Пройдя внутрь, они попали в красиво обставленное помещение с мраморным полом и изысканной мебелью. Перила украшала слоновая кость, а стены были расписаны изображениями богов и героев.
– Напоминает Золотой дом, – отметил Эпафродит. – Видите мозаику с Дианой перед лестницей? Я почти уверен, что ее разобрали и по камню перенесли из прихожей в опочивальне Нерона.
– Вполне понятно, что Флавии разорили Золотой дом, дабы украсить свой амфитеатр, – сказал Луций. – Но сооружение в целом, конечно, не везде отделано столь замысловато.
– Разумеется, нет, – кивнул Марциал. – Здесь места для важных персон: магистратов, сановников из жречества, весталок-девственниц и друзей императора, то есть вас. Для моих спутников только лучшее! И посмотрите – как я и обещал, нас ждет великолепный стол прямо здесь, у арены, а также бесплатное вино. Хороша жизнь поэта!
Они ненадолго задержались подле угощения, выпивая и закусывая, пока не пропел рожок и вошедший глашатай не призвал всех занять свои места. Мужчины в тогах и женщины в элегантных столах потянулись к мраморной лестнице, которая вела наверх, под ясное небо. Луций с друзьями последовали за толпой.
Эпафродит заранее подробно описал величину амфитеатра и его планировку; Эпиктет сравнил здание с ныне исчезнувшей кольцевой площадкой на вершине Везувия. Но никакие слова не могли подготовить Луция к тому, что он узрел наверху. На миг рассудок отказался вместить увиденное; как говор пятидесяти тысяч человек слился в единый глухой рев, так и вид такого количества людей, собравшихся в одном месте, предстал однородным гигантским пятном, напоминая людскую кашу, в которой неразличимы отдельные лица. Но вскоре, стоя на трибуне, Луций мало-помалу начал приходить в себя, а мозг – воспринимать близкое и далекое.
Луций ни разу не испытывал ничего похожего на первые минуты в амфитеатре Флавиев. Его приход уже окупился этим мигом: до жути дезориентирующим, но в то же время захватывающим и неповторимым. Он счел Диона и Эпиктета глупцами, лишившими себя такого зрелища, которому, конечно, на свете не было равных.
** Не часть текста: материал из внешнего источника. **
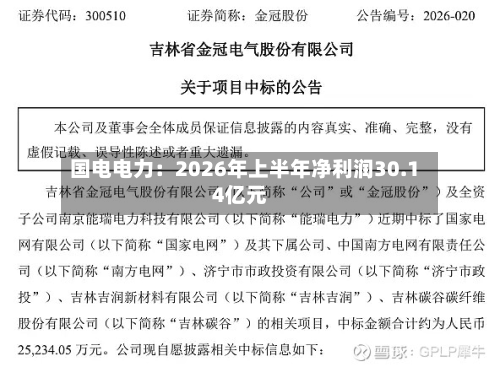 国电电力：2026年上半年净利润30.14亿元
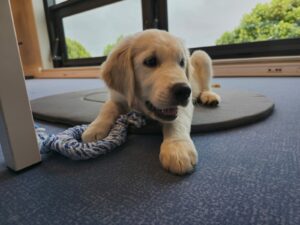 Vogue en gros plan sur son tapis au bureau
Луций осознал, что стоит не на солнцепеке, а в тени, хотя и на ярком свете, и, посмотрев вверх, увидел похожие на паруса навесы, натянутые по всей окружности здания и закрепленные на верхнем парапете. Прищурившись, он различил впереди людей, которые занимались сложной системой такелажа и выверяли угол наклона, чтобы навес не пропускал солнечный свет.
Марциал дернул его за тогу:
– Хватит глазеть, как мужлан. Идем, ты задерживаешь толпу.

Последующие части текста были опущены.